Iowa: Iowa experienced a raise of 1.2 points in the index rising from 61.4 in June to 62.6 in July. Over the past three months Iowa has experienced declines in its workforce which has lowered its unemployment numbers.
Kansas: Kansas index numbers rose a full 2 points between June and July rising from 52.7 to 54.7. This was the 11thtime in the past year that Kansas has experienced growth in their index numbers. Kansas like Iowa has been experiencing decreasing numbers in it’s workforce, but unlike Iowa has seen increases in employment opportunities as well.
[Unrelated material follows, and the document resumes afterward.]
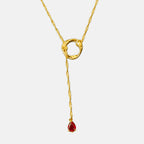 Sacred Blood Teardrop Faith Lariat Necklace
Minnesota: A personal favorite state of mine, Minnesota also experienced growth in its numbers rising from a 54.8 in June to a 57.5 in July. Unlike Kansas and Iowa however, Minnesota has experienced high growth in its workforce. This has been canceled out by the increasing employment which has kept the unemployment rate modest. Minnesota posted a very encouraging 6.7% unemployment rate in June.
Missouri: Like Arkansas, Missouri’s index dropped from June to July. Losing 2.6 points dropping from 54.5 in June to 51.9 in July. This drop was caused by the fact that Missouri is adding jobs at a very slow rate compared to other Midwest states. Unfortunately the dropping index points to continued slow growth of jobs in Missouri.
Nebraska: Nebraska, like Minnesota, has a very nice number to boast reporting a 57.1 in July up from 56 in June. Like many of it’s Midwestern brothers, Nebraska has experienced growth in employment lowering the unemployment rate. Nebraska’s unemployment rate in June was a very impressive 4.3%
North Dakota: If you know some trivia about North Dakota (hint: what its unemployment number is) you may not be surprised at this result. North Dakota’s index rose 10.7 points from June to July. Reporting a 44.4 in June North Dakota’s index rose to a 55.1 in July. In June, North Dakota’s unemployment was a nation leading 3.3% If I were a betting man, judging by the rise in North Dakota’s index (which has plenty to do with that unemployment number in June) I’d expect ND’s unemployment rate to remain very close to it’s beautiful 3.3%
South Dakota: South Dakota could not mirror its sister to the north having the index drop from June to July. Reporting a very healthy 60.7 in June, South Dakota’s index has dropped to 57 leaving Iowa as the only state in the Midwest reporting an index of over 60 points. Like the rest of its Midwest brothers and sisters, SD’s employment has grown proving that more and more workers are heading toward the Midwest looking for jobs.
All of the states in the Midwest reported a lower unemployment rate than the US average in June.